In the first months of life, most of the developmental milestones appeared normal (postural control, standing upright, and first steps, with no previous crawling). The most significant delay was that of the appearance of the first words and sentences.
At the time of detection, the mother was 39 years old. She has a degree in teaching and was working in a daycare center as an early childhood educator, although she is currently not in paid employment. The father was 38 years old and is a health psychologist; he was actively working at the time of detection but is currently in a private company. Peter has an older sister (aged 7 at the time of diagnosis) with typical development. There was no family history of ASD in either parent. Regarding the family history of central nervous system pathology, only one grandparent, the maternal grandmother, had been diagnosed with Alzheimer’s disease.
Until approximately 18 months of age, the parents reported that the child’s evolution was normal, without the presence of symptoms indicating a developmental anomaly. They described him as a happy, restless, and quite independent child. However, in retrospect, symptoms usually present in ASD, but which were perceived as normal at the time, were identified. The parents pointed out that the child showed a persistent liking for spinning objects and some stereotypical behaviors, such as hand flapping when he was happy (similar to his sister) and a tendency to tiptoe. Eye contact at the time of detection was low, and this deficiency was not so noticeable in the first year of life, with the parents assuring us that there was normalized eye contact at specific times, such as during breastfeeding.
2.2. Analysis and Description of Problem Behaviors
The Battelle Developmental Inventory was used for functional diagnosis. At the time of the evaluation, the case was 23 months old and had the following developmental ages in each of the areas evaluated: personal/social: 13 months; adaptive: 14; motor: 16; expressive communication: 9; receptive communication: 19; global communication: 12; cognitive: 22; total equivalent age: 16 months. On the basis of these results, an individualized treatment program was designed at the early childhood care center.
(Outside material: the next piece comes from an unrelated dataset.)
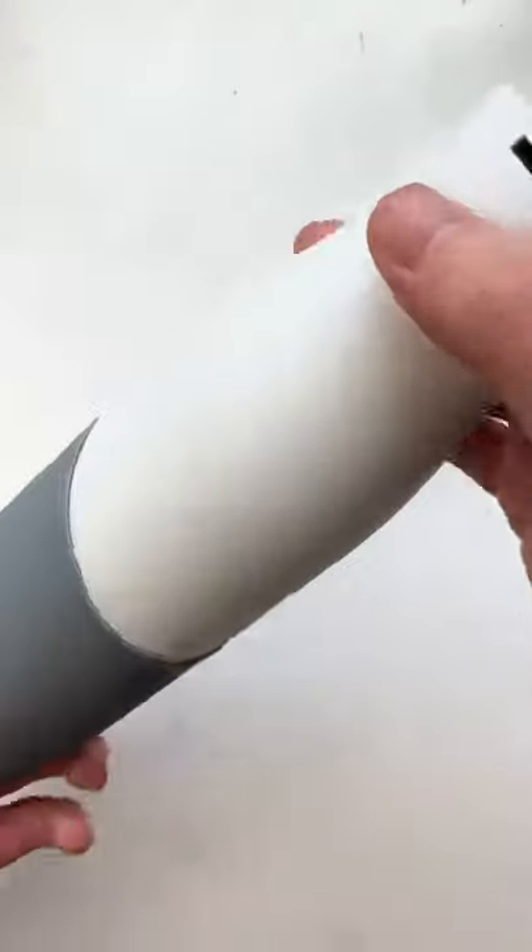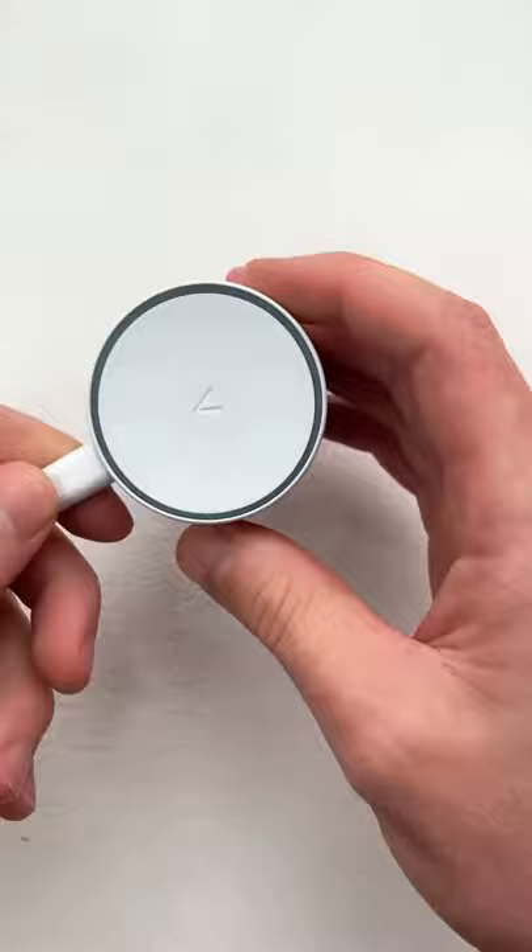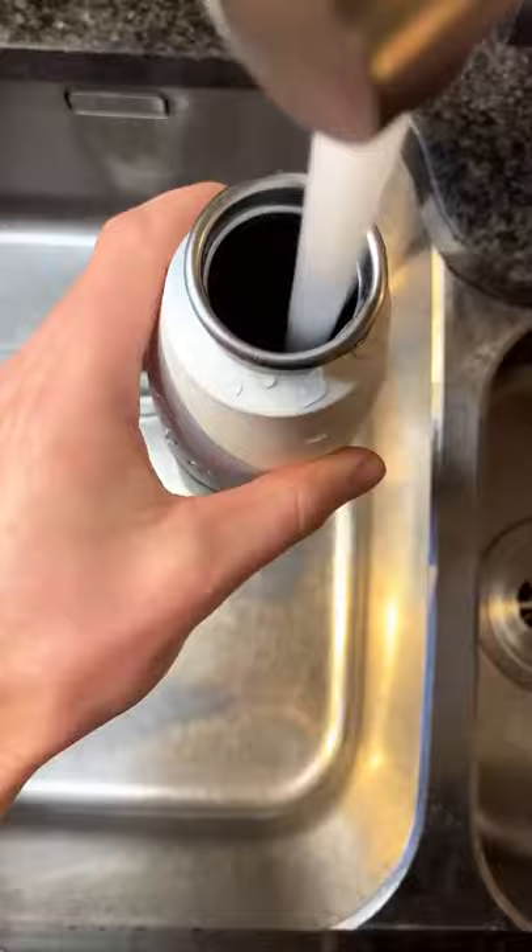This is a self-cleaning water bottle that doesn't smell even if you don't wash it. To use it, you charge up the lid using the lead provided, then once it's filled you press the button on its top and 60 seconds later the water and the bottle are both clean.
The child was evaluated by the neuropediatric service at 24 months of age. In this first assessment, a provisional diagnosis of “communication and language disorder” was established; however, 2 months later, the diagnosis was updated to “suspected ASD” by the professional at the early childhood care center after the intervention had begun. The diagnosis of ASD was confirmed at 31 months after application of the Autism Diagnostic Observation Schedule (ADOS-2) [
27] with a score of 21. Scores between 8 and 11 points place the patient in the “autism spectrum” category and scores equal to or above 12 place the patient in the “autism” category, indicating that the child was strongly affected.
The child presented a large number of repetitive behaviors that were considered self-stimulatory. These behaviors were mainly visual, with a special preference for rotating objects or colored lights. Other self-stimulations with different sounds and textures were also observed. These self-stimulatory behaviors can interfere greatly in daily life and were, thus, a priority target in the design of the intervention. Other affected developmental areas included the absence of pointing skills, delayed oral expression, and inattention.
2.3. Establishment of Treatment Goals
According to the initial assessment, comprehensive work on the affected areas was established as a priority. Specifically, as stated in the first individualized treatment program carried out in August 2017, the normalization of motor (fine and gross), cognitive, communication, social, and language areas was established as a goal. Goal setting and evaluation was always carried out by the professional and was updated every 6 months on the basis of the objectives achieved with the combined intervention, prioritizing the work on the most affected areas. The professional referring the child was also in charge of the evaluation and training of the parents in terms of implementation of the intervention at home, thus ensuring that the family strategies were aligned with the objectives proposed in the biannual program. This document served as a guide for the joint professional–family work. Despite not being included in the initial document, it was also considered a priority to address the high number of self-stimulatory sensory behaviors since they decisively interfered with the usefulness of the work sessions. The individualized treatment program was updated every 6 months, adjusting it to the progress that had been achieved.
5. Results
Evaluation of Treatment Effectiveness
The results of the Battelle Development Inventory are shown in
Figure 1 and
Figure 2, corresponding to the cognitive and motor scales, respectively. The scores are presented in terms of standard deviations (SD) above or below the mean of the population of his age, showing the level of development of the child in each of the areas evaluated in comparison with what would be expected at his chronological age.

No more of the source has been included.